The call of Jesus Christ to each of us is, “If any man will come after me, let him deny himself, and take up his cross, and follow me.” (Matt. 16:24.) Is it not time that we begin denying ourselves, as the Savior counseled, and surrender and master ourselves rather than indulge ourselves in a “do my own thing” selfish little world? The question is not so much what we can do, but what God can do through us. Paul said, “If man therefore purge himself … , he shall be a vessel unto honour, sanctified, and meet for the master’s use, and prepared unto every good work.” (2 Tim. 2:21.)
Taking up one’s cross and following the Savior is always a commitment to service. When going to school I was very poor. I worked long hours in a canning factory catching steaming-hot cans for twenty-five cents an hour. I learned that selfishness has more to do with how we feel about what we have than how much we have. A poor man can be selfish and a rich man generous, but a person obsessed only with getting will have a hard time to find God. I have come to know that with any privilege comes responsibility. Most privilege carries with it the responsibility to serve, to give, and to bless. God can take away any privilege if it is not used under His omnipotent will. Meeting that challenge to give, to serve, to bless in faithfulness and devotion is the only way to enjoy the crown of glory spoken of by the original Apostles. It is the only way true meaning comes to life.
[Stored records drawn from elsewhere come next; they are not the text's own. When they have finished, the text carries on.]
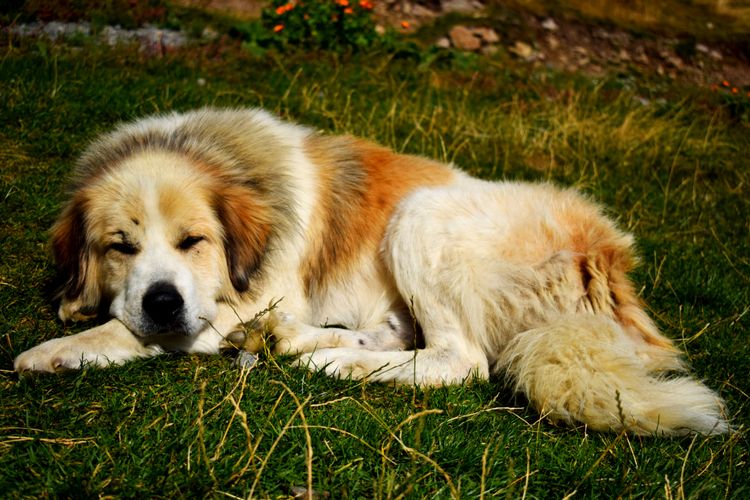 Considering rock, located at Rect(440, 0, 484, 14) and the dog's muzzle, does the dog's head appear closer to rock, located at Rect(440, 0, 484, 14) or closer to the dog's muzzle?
the dog's muzzle

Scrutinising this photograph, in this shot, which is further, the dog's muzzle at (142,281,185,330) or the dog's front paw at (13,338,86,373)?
the dog's muzzle at (142,281,185,330)

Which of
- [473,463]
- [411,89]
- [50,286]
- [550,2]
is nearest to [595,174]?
[411,89]

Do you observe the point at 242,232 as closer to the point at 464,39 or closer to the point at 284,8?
the point at 284,8

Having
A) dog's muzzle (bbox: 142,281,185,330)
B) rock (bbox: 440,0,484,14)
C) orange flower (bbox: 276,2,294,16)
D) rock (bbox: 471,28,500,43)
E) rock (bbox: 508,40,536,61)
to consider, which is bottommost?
dog's muzzle (bbox: 142,281,185,330)

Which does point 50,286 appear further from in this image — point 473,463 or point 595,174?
point 595,174

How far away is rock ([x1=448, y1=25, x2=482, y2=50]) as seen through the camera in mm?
9961

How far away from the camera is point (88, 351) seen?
2643 millimetres

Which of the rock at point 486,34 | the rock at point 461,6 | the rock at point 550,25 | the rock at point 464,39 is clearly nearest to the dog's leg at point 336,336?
the rock at point 464,39

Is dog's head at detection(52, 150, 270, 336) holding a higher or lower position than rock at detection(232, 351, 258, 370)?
higher

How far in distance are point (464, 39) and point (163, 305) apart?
8.53 meters

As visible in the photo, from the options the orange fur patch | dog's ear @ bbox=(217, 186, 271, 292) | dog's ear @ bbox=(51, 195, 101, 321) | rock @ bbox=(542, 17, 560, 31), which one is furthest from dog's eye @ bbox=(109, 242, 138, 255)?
rock @ bbox=(542, 17, 560, 31)

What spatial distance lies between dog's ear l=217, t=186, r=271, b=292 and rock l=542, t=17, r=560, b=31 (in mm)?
9942

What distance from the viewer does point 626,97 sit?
27.0ft

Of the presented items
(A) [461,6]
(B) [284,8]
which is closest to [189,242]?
(B) [284,8]
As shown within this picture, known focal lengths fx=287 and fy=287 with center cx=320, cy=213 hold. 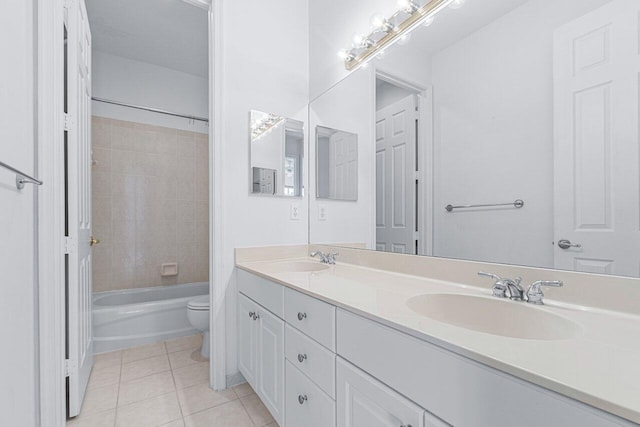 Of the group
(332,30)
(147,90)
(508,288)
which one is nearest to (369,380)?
(508,288)

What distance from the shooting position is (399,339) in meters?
0.70

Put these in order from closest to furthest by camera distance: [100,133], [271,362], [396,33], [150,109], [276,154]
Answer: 1. [271,362]
2. [396,33]
3. [276,154]
4. [100,133]
5. [150,109]

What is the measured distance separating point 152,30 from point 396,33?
2222 mm

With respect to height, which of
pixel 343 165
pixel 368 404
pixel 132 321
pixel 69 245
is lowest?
pixel 132 321

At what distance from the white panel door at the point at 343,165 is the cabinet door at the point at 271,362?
2.84 feet

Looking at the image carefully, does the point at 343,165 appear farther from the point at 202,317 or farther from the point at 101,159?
the point at 101,159

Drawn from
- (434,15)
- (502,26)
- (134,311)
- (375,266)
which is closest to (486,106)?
(502,26)

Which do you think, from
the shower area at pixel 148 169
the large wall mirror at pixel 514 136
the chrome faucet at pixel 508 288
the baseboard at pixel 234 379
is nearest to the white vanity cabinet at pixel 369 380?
the baseboard at pixel 234 379

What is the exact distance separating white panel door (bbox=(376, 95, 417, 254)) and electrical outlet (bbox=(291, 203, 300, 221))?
0.64 metres

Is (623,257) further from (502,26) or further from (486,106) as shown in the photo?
(502,26)

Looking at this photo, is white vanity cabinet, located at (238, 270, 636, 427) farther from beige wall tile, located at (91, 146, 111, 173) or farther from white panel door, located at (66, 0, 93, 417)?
beige wall tile, located at (91, 146, 111, 173)

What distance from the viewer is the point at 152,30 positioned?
2.48 meters

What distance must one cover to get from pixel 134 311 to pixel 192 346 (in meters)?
0.55

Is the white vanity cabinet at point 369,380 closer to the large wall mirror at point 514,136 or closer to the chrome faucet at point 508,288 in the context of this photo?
the chrome faucet at point 508,288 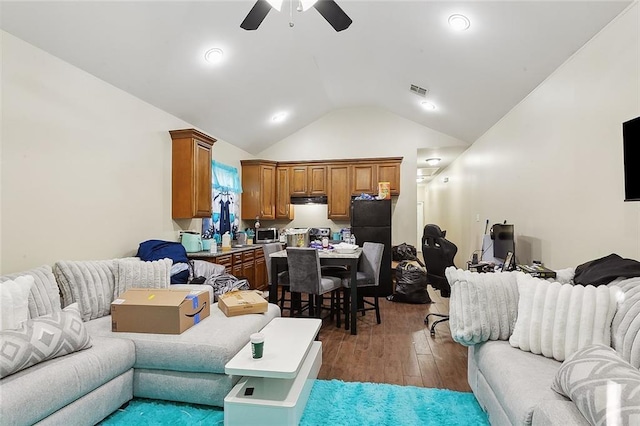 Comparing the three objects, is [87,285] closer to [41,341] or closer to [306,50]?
[41,341]

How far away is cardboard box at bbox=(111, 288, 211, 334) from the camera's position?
2.16 meters

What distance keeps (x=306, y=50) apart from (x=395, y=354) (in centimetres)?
386

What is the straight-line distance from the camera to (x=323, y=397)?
7.03 feet

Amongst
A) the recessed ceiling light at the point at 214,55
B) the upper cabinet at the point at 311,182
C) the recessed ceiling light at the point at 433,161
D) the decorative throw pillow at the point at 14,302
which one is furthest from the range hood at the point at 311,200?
the decorative throw pillow at the point at 14,302

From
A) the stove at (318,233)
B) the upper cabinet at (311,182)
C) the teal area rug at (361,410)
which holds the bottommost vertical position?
the teal area rug at (361,410)

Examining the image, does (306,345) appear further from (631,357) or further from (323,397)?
(631,357)

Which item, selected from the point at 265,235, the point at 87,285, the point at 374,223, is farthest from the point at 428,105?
the point at 87,285

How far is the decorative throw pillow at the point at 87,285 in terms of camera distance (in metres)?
2.38

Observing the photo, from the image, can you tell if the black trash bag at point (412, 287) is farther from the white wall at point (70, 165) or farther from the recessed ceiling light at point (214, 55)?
the recessed ceiling light at point (214, 55)

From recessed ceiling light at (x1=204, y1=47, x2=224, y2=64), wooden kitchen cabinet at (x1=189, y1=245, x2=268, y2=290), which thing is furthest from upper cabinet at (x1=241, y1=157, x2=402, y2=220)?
recessed ceiling light at (x1=204, y1=47, x2=224, y2=64)

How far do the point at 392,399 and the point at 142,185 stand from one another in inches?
132

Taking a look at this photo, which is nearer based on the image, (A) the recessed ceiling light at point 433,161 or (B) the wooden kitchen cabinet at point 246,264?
(B) the wooden kitchen cabinet at point 246,264

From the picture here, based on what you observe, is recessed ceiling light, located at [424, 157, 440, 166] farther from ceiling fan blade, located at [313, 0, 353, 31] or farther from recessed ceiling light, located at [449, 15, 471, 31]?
ceiling fan blade, located at [313, 0, 353, 31]

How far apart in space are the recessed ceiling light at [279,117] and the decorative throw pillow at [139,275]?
3573 millimetres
We will be able to receive honors or scorn with equal serenity.
I conclude with the words of Ezekiel, “And thou, son of man, … though briers and thorns be with thee, and thou dost dwell among scorpions: be not afraid.” (Ezek. 2:6.) In our constantly changing world, may we continually cling to those things that do not change: to prayer, to faith, to saving covenants, to love of families, and to brotherhood. By removing the slivers of sin and the thorns of worldly temptation in our lives, and by denying ourselves and taking up our own cross and following the Savior, we can change a crown of thorns to a crown of glory. I testify, as one of his humble servants called to be His special witness, that He lives. I witness from the depths of my soul that we are engaged in His holy work, to which, if we are faithful, we can be crowned with honor, glory, and eternal life. (See D&C 75:5.) In the name of Jesus Christ, amen.